Obesity is a hormonal problem, not a caloric problem. High insulin levels cause weight gain. Losing weight has to be about burning FAT, NOT burning calories. The goal should be to lower insulin.
Certain foods stimulate insulin more than others. Sugars and refined carbohydrates increase insulin more than proteins and fats. A calorie of sugar will have a different metabolic response than a calorie of coconut oil. Sugar increases blood glucose and create surges of insulin which increase inflammation and make you gain weight. Coconut oil will not. Decrease the calories that come from sugars and refined carbs and you will lower insulin which will encourage fat burning and weight loss. Stored fat is utilized when insulin is low.
Now, your next question might be, “How do I lower my insulin levels?” Well, that’s a great question. This topic is way more complicated than it sounds. I’m just trying to take something that is very complex and make it much easier to understand. I began to research the causes of obesity and weight loss resistance extensively after I began to have my own weight loss challenges.
I’ve been where are
I used to believe this calorie hoax. In the late 90s, I was in my late 20s, I remember having my little calorie book, keeping track of everything I ate. It was a very tedious process. This was before all those fancy apps. But I did keep my calories low and my activity high. And I believe, looking back now, that this behavior set me up for a lot of the complications I had in my late 30s and early 40s. By age 40, I was 70 pounds overweight and I could not lose the weight despite diet and exercise. I was insulin resistant. I was prediabetic. And was dealing with other health issues as well such as liver and gallbladder disease, chronic pain, headaches, and digestive issues… You name it.
Then I was putting my body through more stress, by exercising. And my body didn’t have the energy. My body was busy trying to keep me alive, my body was trying to maintain its internal organs. So my body said, “You know what losing weight isn’t a priority right now, I’m going to store fat to conserve energy, so that I can keep you alive.”
And when my body needed the extra energy when I got pregnant; my body really fell apart, because it didn’t have enough energy to create new life in my body. So my body paid for that. I had to sacrifice what I had, to bring my children into the world.
We tend to minimize things and think it’s just about calories and we don’t factor in the value of calories in what we actually eat. Instead of grabbing whole foods, such as an apple or making a salad, we’re grabbing Slim Fast, we’re grabbing low-calorie drinks and low-calorie cookies.

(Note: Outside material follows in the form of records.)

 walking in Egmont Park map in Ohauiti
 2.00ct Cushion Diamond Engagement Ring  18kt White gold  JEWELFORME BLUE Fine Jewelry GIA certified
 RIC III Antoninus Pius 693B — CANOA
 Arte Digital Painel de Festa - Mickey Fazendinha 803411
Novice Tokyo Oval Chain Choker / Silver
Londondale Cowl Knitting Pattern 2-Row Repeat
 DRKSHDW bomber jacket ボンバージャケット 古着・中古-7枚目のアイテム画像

What do you think is better? Packaged processed food? Or eating whole foods, preparing our foods, eating for the value of nutrition, and not the caloric value on the package?
Healing is possible, but it’s not simple. A body that has possibly thousands of metabolic functions happening all at once 24 hours, 7 days a week, cannot be healed by a simple equation such as calories in minus calories out.

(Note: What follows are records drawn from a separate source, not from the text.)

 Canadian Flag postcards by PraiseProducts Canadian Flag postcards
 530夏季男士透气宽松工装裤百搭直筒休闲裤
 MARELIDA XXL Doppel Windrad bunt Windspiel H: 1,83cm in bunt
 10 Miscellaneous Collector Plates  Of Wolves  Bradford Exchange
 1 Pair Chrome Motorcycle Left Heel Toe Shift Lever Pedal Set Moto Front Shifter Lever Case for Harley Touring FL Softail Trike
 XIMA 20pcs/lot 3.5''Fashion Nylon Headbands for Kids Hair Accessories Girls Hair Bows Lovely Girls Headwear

- Caloric restriction IS NOT the solution for long-term, healthy weight loss.
- You want to increase metabolic function, not decrease it.

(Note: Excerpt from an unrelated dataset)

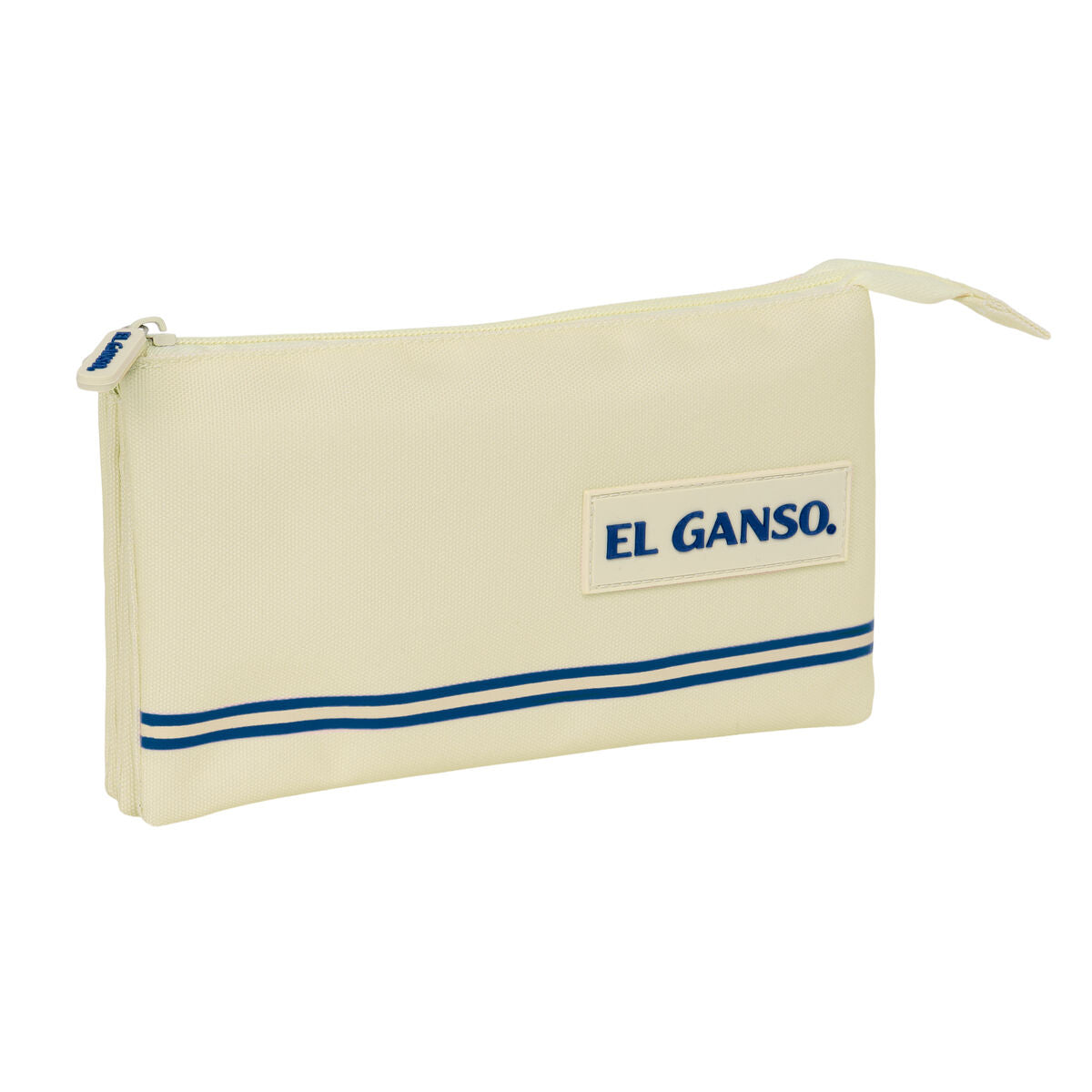 Penar triplu El Ganso Bej 22 x 12 x 3 cm - Birou și papetărie, Material școlar și educațional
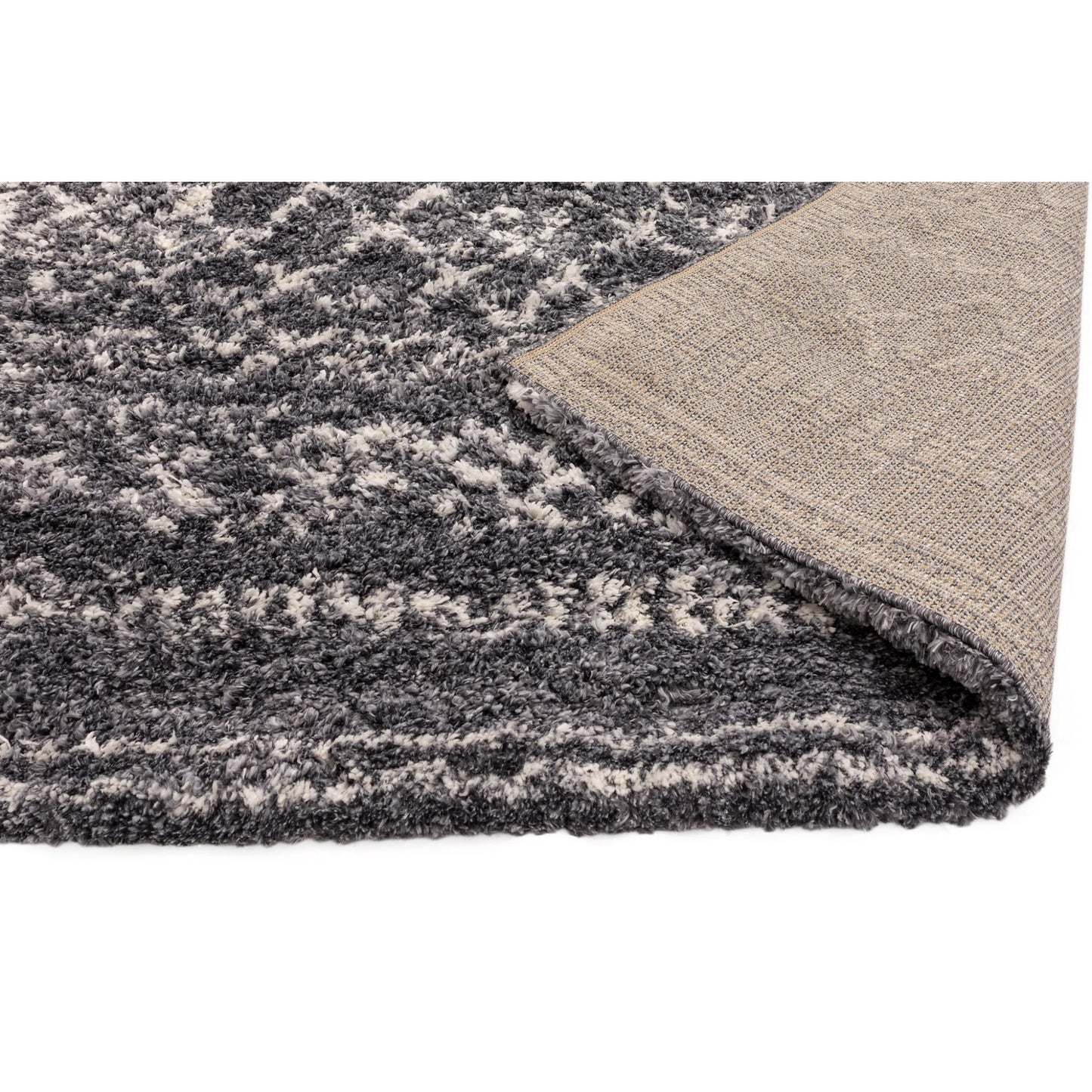 Alto AL05 Grey Cream – Bold Moroccan Intrigue and Soft Shaggy Comfort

- Reducing calories converts your body to fat storing mode, not fat burning mode.
- One of the main hormones that contribute to weight gain is insulin.
- Insulin is a fat storing hormone. Elevated insulin levels stop you from burning fat.
- The focus should be on lowering insulin, not calories.
- If you continue to have the mindset that calories make you fat, you will focus on the quantity of the calories, and not on the quality of the calories and its effect on insulin levels.